Analisi sui principali inquinanti delle nostre città

Analisi sui principali inquinanti delle nostre città

a cura del Prof. Luigi Campanella

Gli inquinanti principali da traffico e da impianti di riscaldamento sono sostanzialmente divisi in quattro categorie:
Ossidi di azoto
Particelle sospese
Ossido di carbonio
Composti organici volatili

Si noti che ben il 60% dell’inquinamento da queste quattro classi di inquinanti è dovuto al traffico.
In Italia circolano circa 28 milioni di macchine. Il consumo di benzina e gasolio, a parte la Germania (bisogna però tenere conto che con l’unificazione della Germania Est e della Germania Ovest la popolazione è di molto aumentata), è il più alto di Europa ,20 milioni di tonnellate. Si può quindi affermare che l’Italia contribuisce effettivamente in modo massiccio all’inquinamento da traffico.
In un giorno feriale nella capitale avvengono 6 milioni di spostamenti: di questi, 1,4 milioni a piedi o in bicicletta, ben 4,4 milioni con mezzi motorizzati: 1,3 milioni con mezzi pubblici; 3,1 milioni con mezzi privati. Di fatto, quindi, l’80% delle persone si sposta con mezzi motorizzati, e per la maggior parte mezzi privati con una sola persona a bordo, una situazione a cui è francamente difficile porre rimedio senza l’impegno ed il sacrificio di ognuno.
In effetti con la benzina verde si pensava di avere in parte “risolto” o perlomeno ridotto i problemi del traffico. Se però percorriamo gli ultimi 25 anni notiamo che si sono succeduti tre tipi di combustibile per le macchine:
La benzina super (degli anni ’80)
La benzina verde (degli anni ’90)
La benzina verde nuova (degli anni 2000)

A questi tre tipi di benzina hanno sempre corrisposto dei problemi ambientali, vere e proprie emergenze: alla benzina rossa hanno corrisposto i metalli, alla benzina verde i BTX, e alla benzina verde di nuova generazione il PM (particolato).

Il problema della benzina super era collegato al fatto che essa conteneva i composti a base di piombo con funzione antidetonante. Questo piombo veniva smaltito nell’ambiente, da cui numerosi casi di piombimia ed avvelenamento.

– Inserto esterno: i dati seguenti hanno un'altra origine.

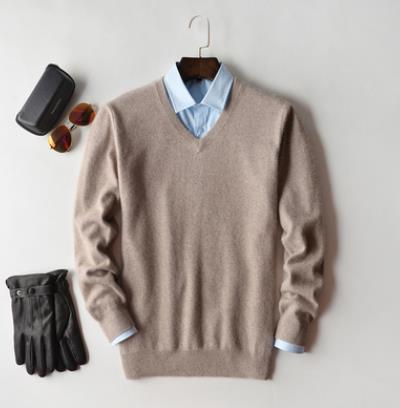 Luxury Cashmere Sweater for Men: Quality and Elegance for the Modern Man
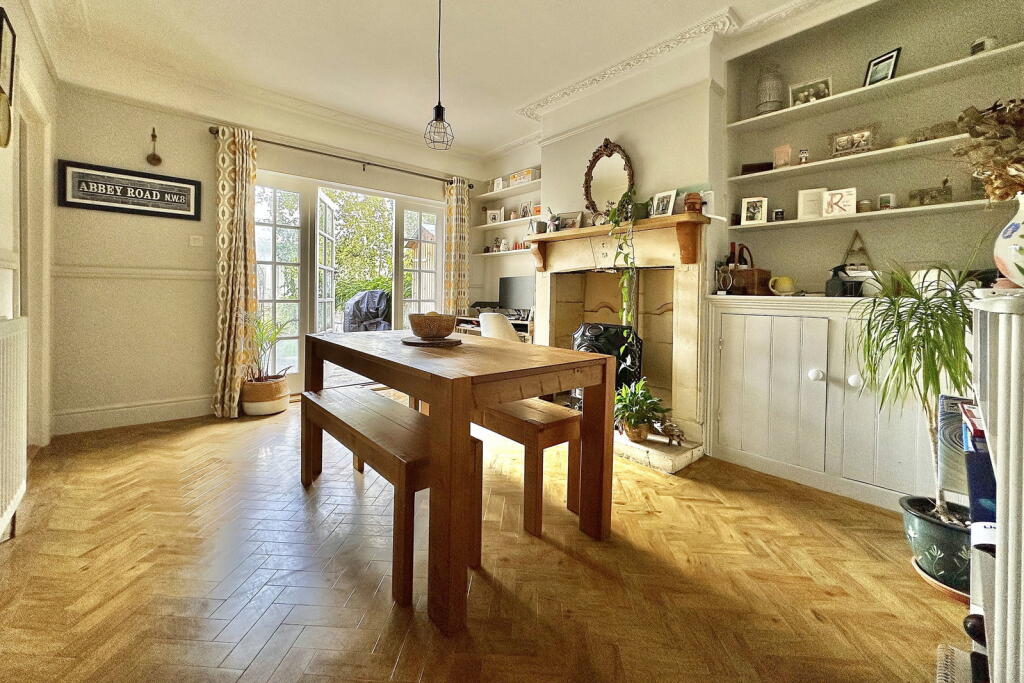 Lower Oldfield Park, Bath photo 4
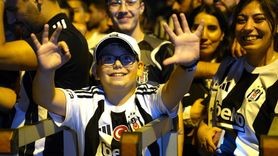 Beşiktaş Süper Kupa Şampiyonu: Ümraniye'de Coşkuyla Karşılandı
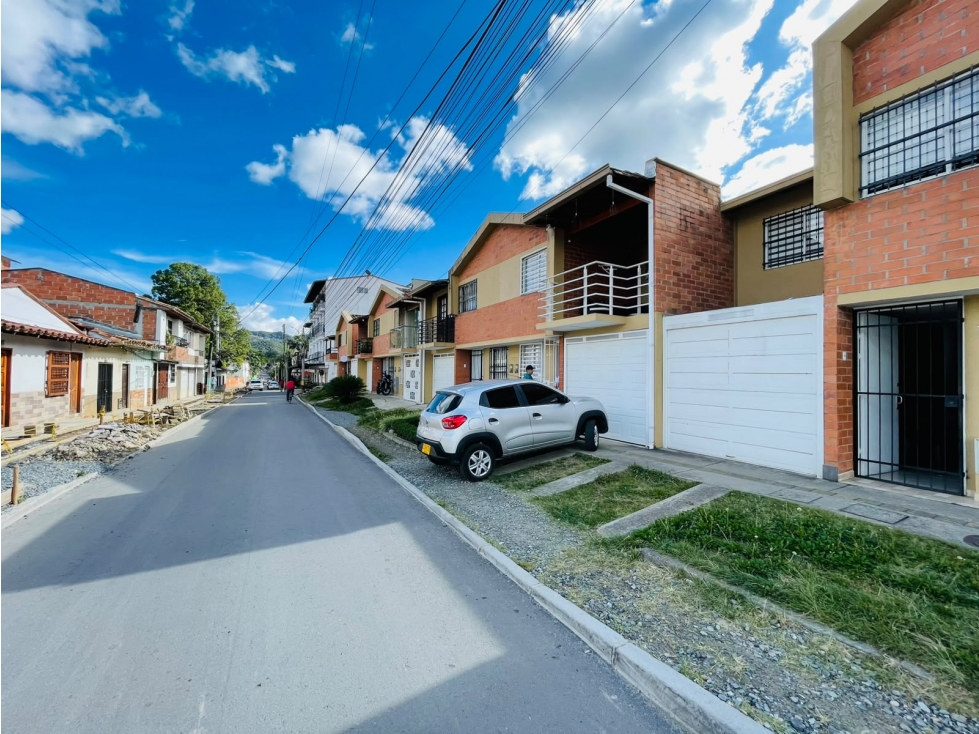 VENDO CASA EN UNIDAD ABIERTA-LA CEJA ANT SECTOR MARIA JOSEFA
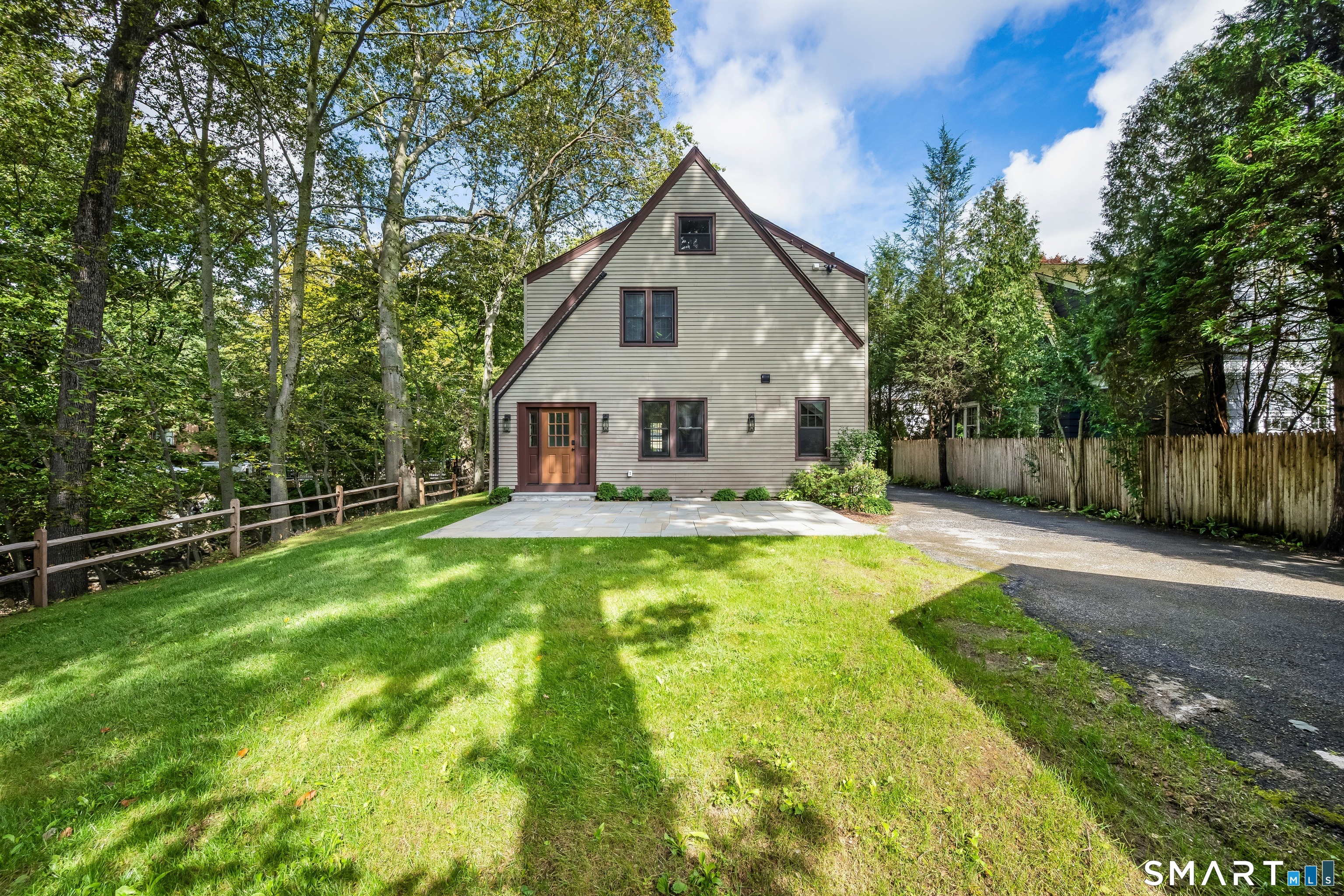 415 West Avenue photo 22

La benzina verde che ha progressivamente sostituito la super, ha una composizione diversa e non contiene piombo: contiene tuttavia BTX (benzene, toluene, xilene), idrocarburi cancerogeni.
I dati rilevati nelle stazioni sperimentali del comune di Roma alcuni anni fa (immediatamente dopo la sostituzione della benzina rossa con quella verde) denunciavano per questi composti un valore anche 10 volte superiore a quello che oggi è considerato il livello di guardia, cioè 10.

Negli ultimi anni, il livello di BTX è sceso: nel 2001 esso è arrivato a valori di 10, cioè al livello di qualità. Ciò è stato possibile con le campagne contro il benzene e con le leggi che hanno stabilito nello 0,5% la quantità massima di aromatici nella benzina (benzina verde corretta).